Combined with the wraparound support services offered at the shelter — during our interview, for instance, health care providers with the UMass Memorial Health Road to Care mobile clinic were meeting with clients — this method of rapidly rehousing and providing services has served clients well, Open Sky leaders said.

“I attribute the success of this operation to the model of care that Open Sky implemented: connecting each person to the supportive services they need, while securing safe housing options, where they are possible,” Haxhiaj said. “We know this is what works to keep people permanently housed.”

The shelter also had another tool for helping clients: collaboration.

Although some in the neighborhood initially voiced concerns and had a lot of questions about the shelter, Open Sky has held monthly neighborhood meetings to ensure the neighborhood was kept up to date on goings-on. 

“Open Sky, the city and all neighbors worked together to address and navigate any issues that the neighborhood experienced — operations like this cannot be successful without everyone's compassion and collaboration,” Haxhiaj said. “I am thankful to Open Sky staff, the resources the city allocated to support neighborhood concerns, to neighbors and all volunteers.”

Partnerships key

There were also many other partners collaborating with shelter staff — nonprofit entities providing homeless services; public safety and governmental departments; corporate sponsors who donated food, blankets and more; and private citizens who volunteered — that contributed to the shelter’s success.
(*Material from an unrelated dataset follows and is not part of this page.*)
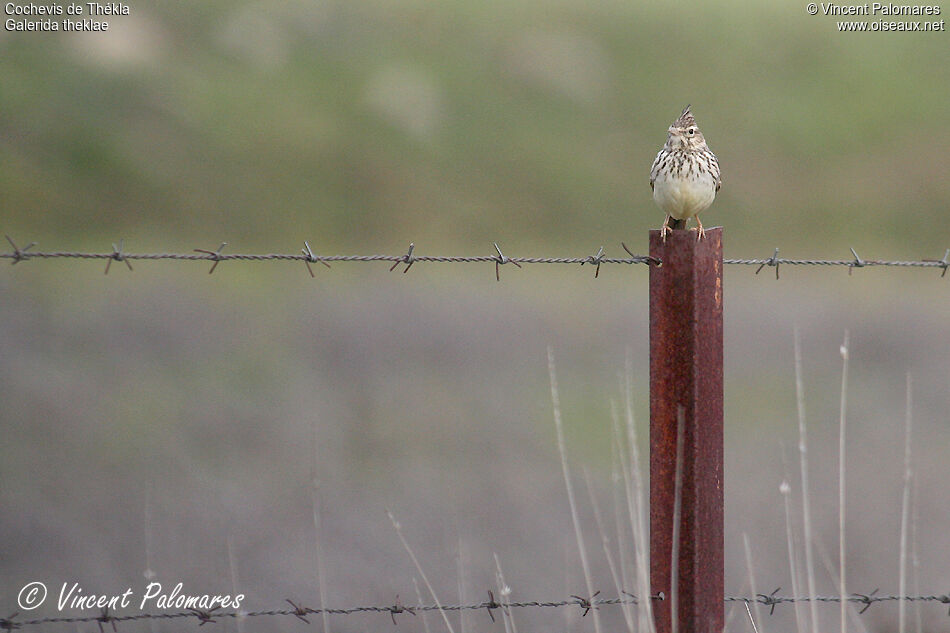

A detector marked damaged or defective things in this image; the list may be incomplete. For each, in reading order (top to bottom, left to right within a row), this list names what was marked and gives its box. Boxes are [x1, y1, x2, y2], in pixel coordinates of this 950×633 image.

rusty metal post [652, 227, 724, 632]
rust stain on post [652, 227, 724, 632]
“Without (these partnerships), we would have had less success with placements,” Meuse said.

Richard, 55, was one of those placed; he will be commuting to his job at Walmart from an apartment in Southbridge.

Richard said he had applied to 30-35 apartments and — despite having a job and income, a housing voucher and being an Army veteran — he was rejected from each one. 

Richard said he was apprehensive about being on his own. He hasn’t lived alone since 2016, he said, and has medical issues that make him worry about getting help at all hours of the night. 

But Meuse said she would set him up with a Life Alert, and ensure a visiting nurse would visit. Richard seemed reassured. 

“It’s nice to have your own apartment,” Richard concluded.

Meanwhile, a similar hunt for a home — albeit one where there is a little more time — is on for a winter shelter.

“We’re very appreciative of Rev. Thomas Landry (pastor of Blessed Sacrament), but we will not be coming back here,” Ryan Johnston, vice president of integrated care at Open Sky, said. 

Johnston and Lorie Martiska, vice president of advancement at Open Sky, said that the organization would be debriefing on what went well at the shelter, what could be changed for the future, and more. However, the arrangement with Blessed Sacrament and the city and neighborhood was for just a winter at this location, they said. 

Meantime, March 31 is fast approaching. So the hunt for housing goes on. And unfortunately, it will continue long beyond the end of the month as the housing crisis continues. 

“It is a crisis,” Meuse said. “For every person we get housed, there are three, four or five people who need services like this.

“There are just no easy answers. We all are like pieces of a jigsaw puzzle, and we need to be aligning.”